While studying electrostatics I came across "capacitors in series" topic and want to get a deeper theoretical understanding of the topic. I researched the topic in the Internet and found the following analogy: (Everything below should be considered in the context of electrostatics, assuming that the charge q is constant)

1. If we consider, let's say, 3 equal connected capacitors with capacitance C = 10 μF (Area S, distance between plates d, type of dielectric material ε - all is equal) then we can view it as one "big" capacitor with the same area S but the distance between plates is 3 times higher, which means difference of electric potentials between plates 3 times higher and therefore the capacitance of the series will be 10/3 μF = 3.3 μF.

Intuitively I understand that longer distance between plates means that the magnitude of electrostatic force between plates is weaker -> the voltage (difference of electric potentials) is higher.

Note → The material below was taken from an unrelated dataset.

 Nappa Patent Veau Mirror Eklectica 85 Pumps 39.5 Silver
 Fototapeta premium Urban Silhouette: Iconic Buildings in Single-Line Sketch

1. Now let's take the first case, and increase the area of plates S of one of 3rd capacitor in 2 times. By using the formula for capacitance we can conclude that the capacitance of 3rd capacitor will be 20 μF now. Due to the formula of capacitance of capacitors in series the capacitance of connected capacitors will increase to 4 μF.

Is there some analogy that one can use to intuitively understand what changes in the series of capacitors if we increase the plate area of one of the capacitors from theoretical perspective? Thank in advance!

The capacitor with the larger capacitance of $$20\,\rm\mu F$$ can be thought of as a capacitor with the same area as the other two capacitors but with half the separation. So now for all three capacitors the total separation has increased by $$2.5$$ times and so he effective capacitance is now $$10/2.5 = 4\,\rm\mu F$$.